# Reading > Forum Book Club >  Valentine's Day Reading Poll

## Scheherazade

* Please vote for the book you would like to read during the Valentine's Day week here 

by 

February 10th! 

The aim of the Book Club is to read and discuss new books together with other members.

Please try to avoid from voting for the books you have already read and/or do not intend to (re)read with us.

Thank you! 


Book Club Regulations*

----------


## Scheherazade

Apart from _Tess_, I don't mind reading any of the books listed in the poll this time round.

Any opinions/suggestions?

----------


## papayahed

I'm waiting for Night. (As in Nightshade not the actual time of day :FRlol:  )

----------


## Basil

> I'm waiting for Night. (As in Nightshade not the actual time of day )

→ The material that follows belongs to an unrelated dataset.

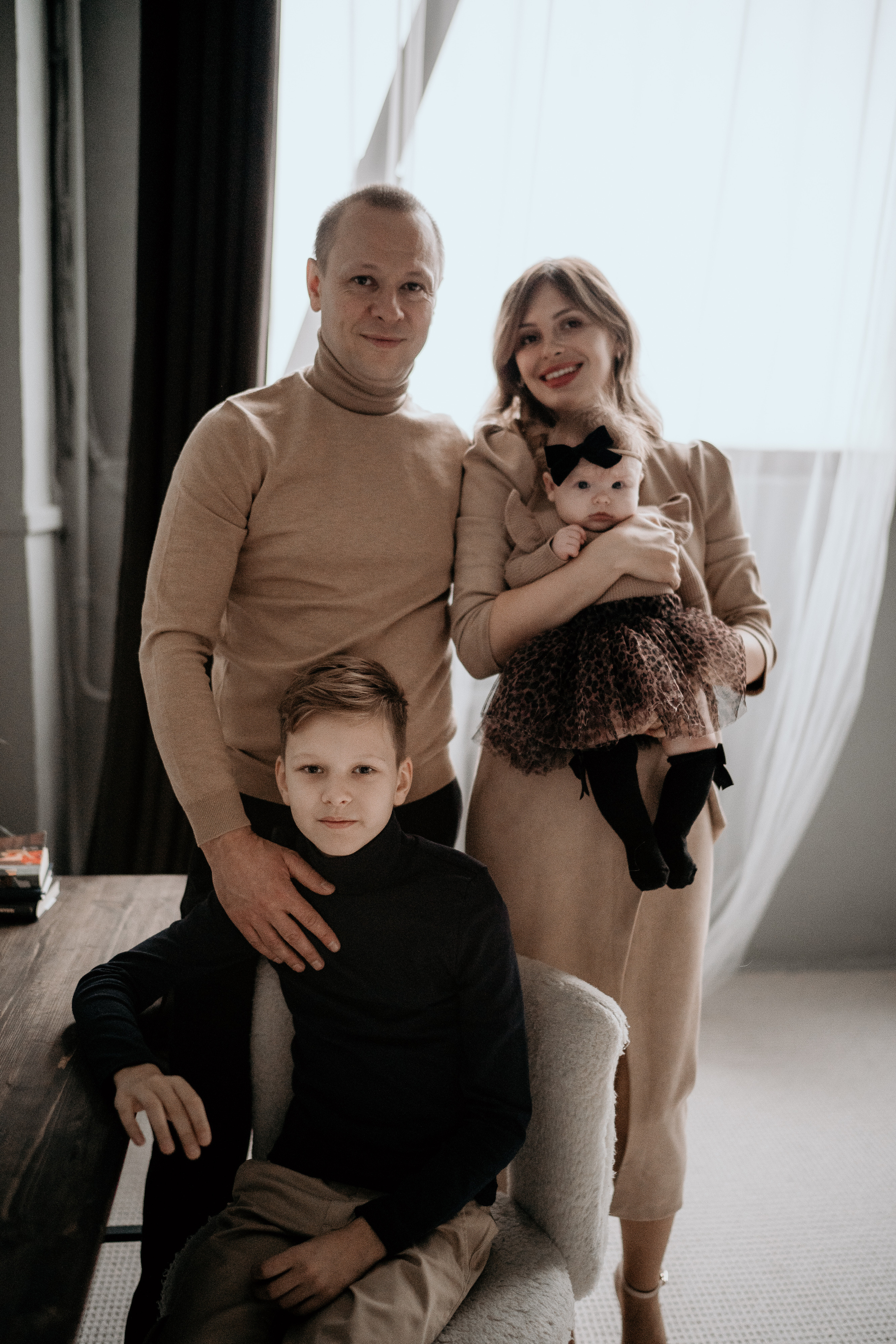 Когда семья вместе. Искренний фотограф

And here I thought you meant Night Ranger.  :Tongue:   :Tongue: 

"_You're MOTORING..._"

----------


## Domer121

I think that in a way "THe Little Prince" is a great book for Valentines day...it shows of the simplicity of love....

----------


## Scheherazade

> I'm waiting for Night. (As in Nightshade not the actual time of day )


Why? What did she promise ya?

 :Biggrin:

----------


## Nightshade

> I'm waiting for Night. (As in Nightshade not the actual time of day )

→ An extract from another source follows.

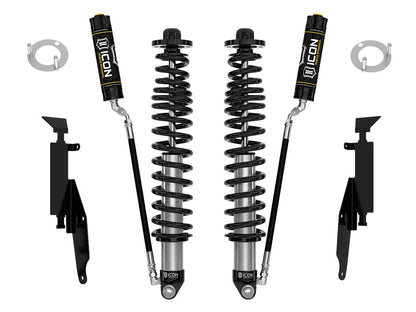 ICON 2021-2023 Ford Bronco, Rear, 1.25-3” Lift, V.S. 2.5 Series Coilover Kit, Remote Reservoir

> Why? What did she promise ya?


Just what I was thinking.... :Tongue:

----------


## Scheherazade

Going once...

----------


## Nightshade

Oh to vote or not vote, bbut really can I in consciens llet you all read a girl with a pearl earing?
hummmmmmmmmmmmmmm
Now the thing is a room with a vew is a great book, and one I think will lead to great discussions plus I had soooooooo many questions when I read it 4 or 5 years ago that its time I read it again....

hummmmmmmmmmmmmmmm

----------


## Demona

I guess I'm a minority here...voted for A room with a view...heh.

----------


## papayahed

oh crud!!!!! I missed this one due to traveling!!!

----------


## Serengeti

I'm all for reading Girl with a Pearl Earring. I liked the movie, so that usually means the book is even better. It must be a short book if we are to read it in a week?

----------